Гашева из рода Пермяковых

К 75-летию литературного редактора Надежды Николаевны Гашевой

Она помнит это с самого раннего детства: каждым предновогодним вечером, когда в доме Пермяковых наряжали елку, кто-то тем временем читал вслух «Ночь перед Рождеством». Потом у нее появился свой дом – дом Надежды и Бориса Гашевых, и в этом доме непременно украшали елку «под Гоголя»: ее дочь Ксения тоже помнит это с самого раннего своего детства. И Катя, уже вполне взрослая дочь Ксении, – тоже... Как помнят все они наизусть сотни поэтических строк. Как знают «в лицо» каждую из несметного множества книг, среди которых выросли.

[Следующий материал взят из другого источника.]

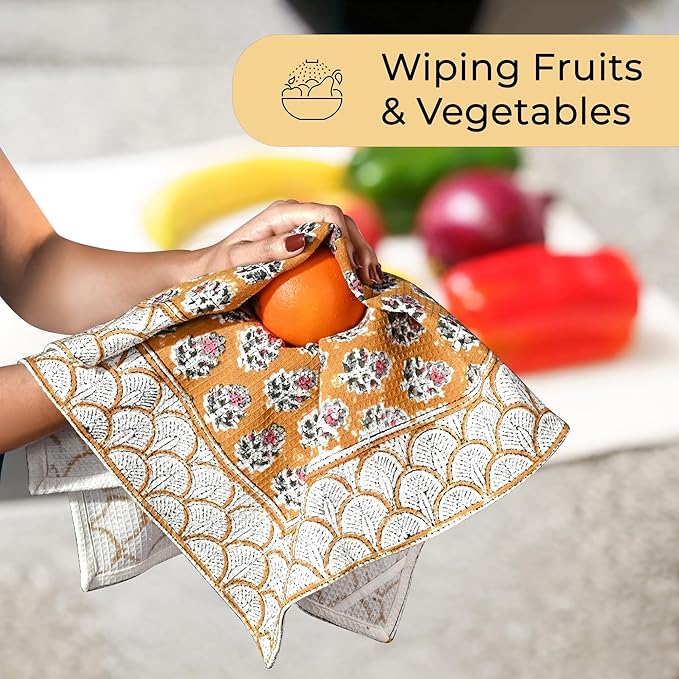 CPC Citrine Yellow Hand Block Print Waffle Kitchen Towel Set of 3-16 x 28 Inch Ultra Absorbent Quick Dry Cotton Dish Towels Lightweight Reusable Sustainable Tea Towels for Cleaning and Drying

Детство Надежды Николаевны было напоено и пропитано хорошей прозой и хорошими стихами. Так и хочется забежать вперед и сказать: вся жизнь ее напоена и пропитана хорошей прозой и хорошими стихами. (И тут же себя одернешь: ага, а сколько словесной макулатуры довелось ей пропустить через себя за эту жизнь, чтобы отсечь бездарное и безграмотное и опубликовать подлинно достойное и ценное.) Высокая мера вещей, литературный вкус прививались и воспитывались не только в студенчестве, изысканной филологической школой отменных педагогов Пермского университета, не только каждодневной издательской практикой, но изначально, в первую очередь – книгами, которые читал им с братом отец.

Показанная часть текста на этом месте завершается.